The Alliance to End Plastic Waste and the Government of Malang District, alongside with Coordinating Ministry for Maritime & Investment Affairs, launched the Bersih Indonesia program at Malang City Hall in East Java in March. This program aims to provide integrated waste management services for 2.6 million people by 2025.
The Bersih Indonesia team will work closely with local governments to establish household-level waste management services and sorting, processing, and recycling facilities for Malang city residents. The government has allocated land to build five Integrated Waste Processing Sites (TPST) and four Waste Transit Stations (SPA), and construction is scheduled to begin in mid-2022.
"So far, we have been able to handle all the obstacles because Indonesian governments are very cooperative in handling all the challenges in building TPST and SPA in Malang," said Jacob Duer, the Alliance's president and chief executive officer (CEO).
In preparation for the new system, community engagement and school education programs will be started next year to help strengthen local communities' waste management and recycling literacy.

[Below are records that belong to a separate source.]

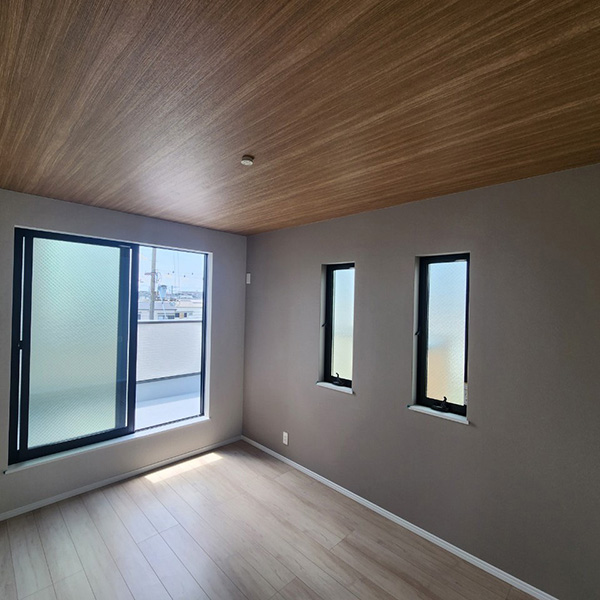 東大阪市/木造３階建て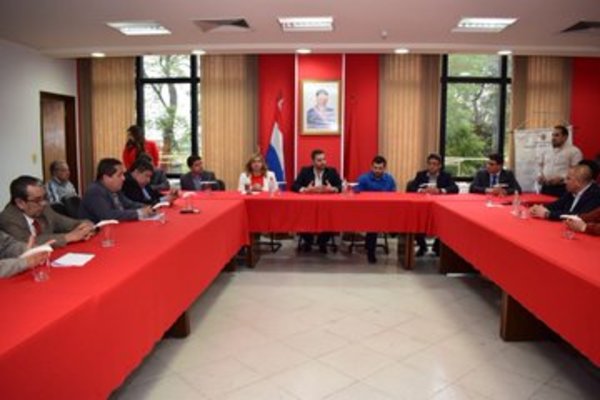 Sindicatos de Funcionarios Públicos solicitan mantener seguro médico privado - .::RADIO NACIONAL::.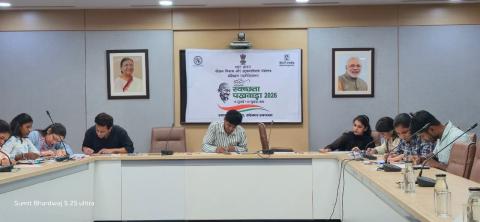 स्वच्छता पखवाड़ा–2026 के अंतर्गत चल रही पोस्टर निर्माण प्रतियोगिता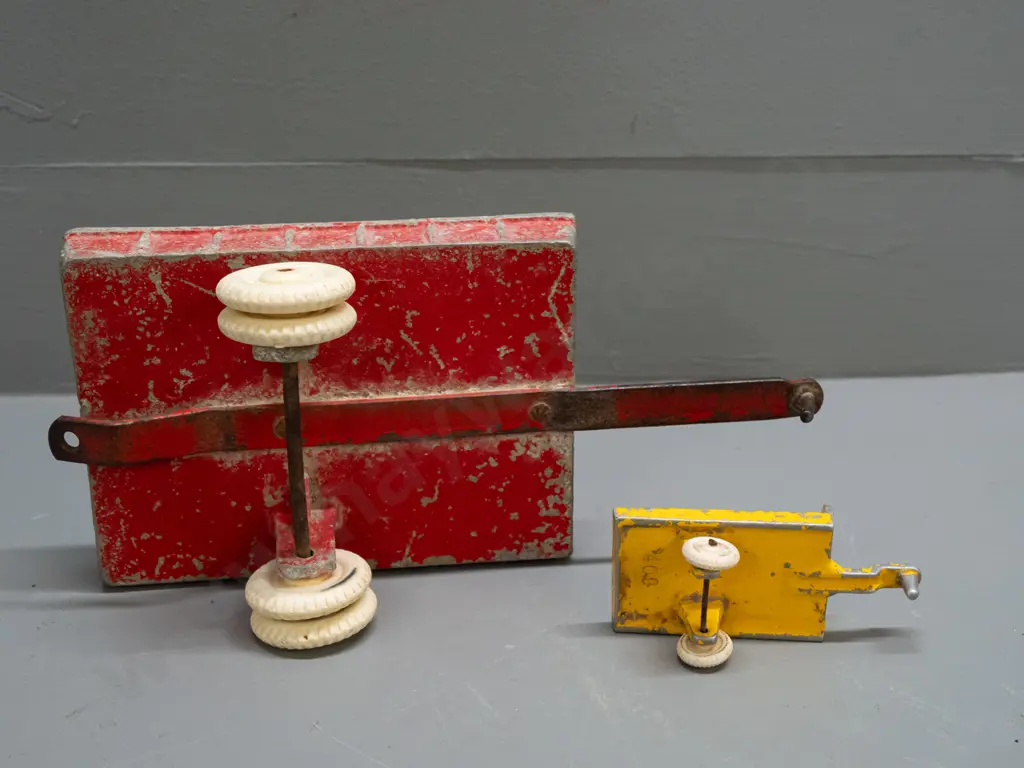 vintage Fun Ho white-wheel cast alloy vehicles - 2 tractors and 2 trailers. Larger tractor missing blade attachment, Image 1++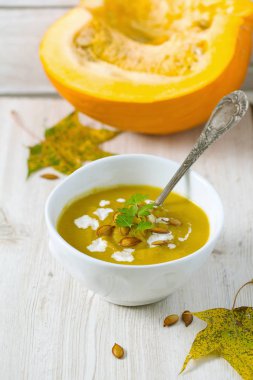 Tahta yüzeyde kabak çorbası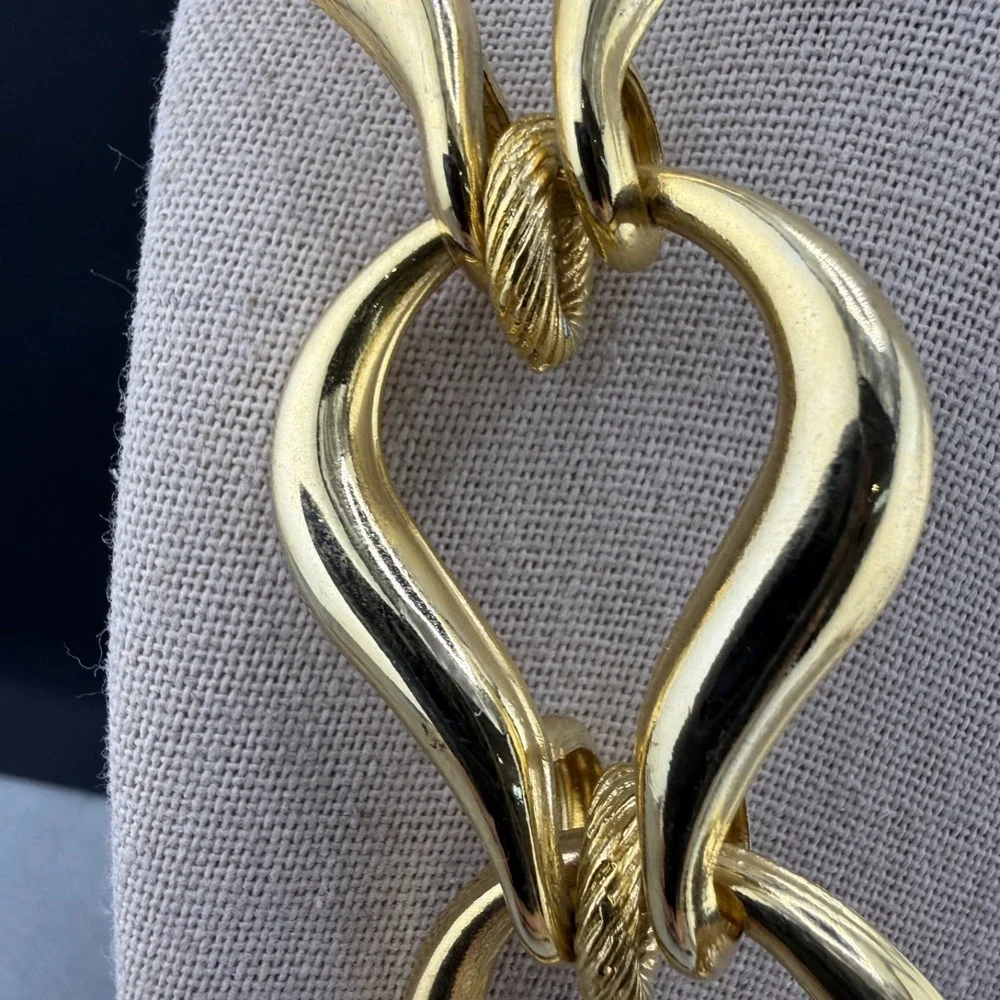 Vintage Chunky Necklace Gold Tone Statement 19" - Picture 3 of 6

The TPST and SPA will also be built at the Talangagung Tourism Educational Landfill. Currently, Talangagung Landfill has been distributed 400 connections of bio-methane gas 24 hours non-stop for free to residents' homes.
"Currently, people do not need to buy LPG gas so they can contribute more to the environment," said Rudy Santoso, the chief of Talangagung landfill. Talangagung landfill has also built a bio-methane gas conversion power plant for TPA operations.
It is hoped that in the future, when this program is fully operational, the system built by the Bersih Indonesia program can divert more than 50,000 tons of plastic waste annually, with a recycling rate of more than 60 percent.
This system is expected to create 3,000 new jobs. Phase One of Clean Indonesia will be developed at the cost of $29 million and fully funded by the Alliance.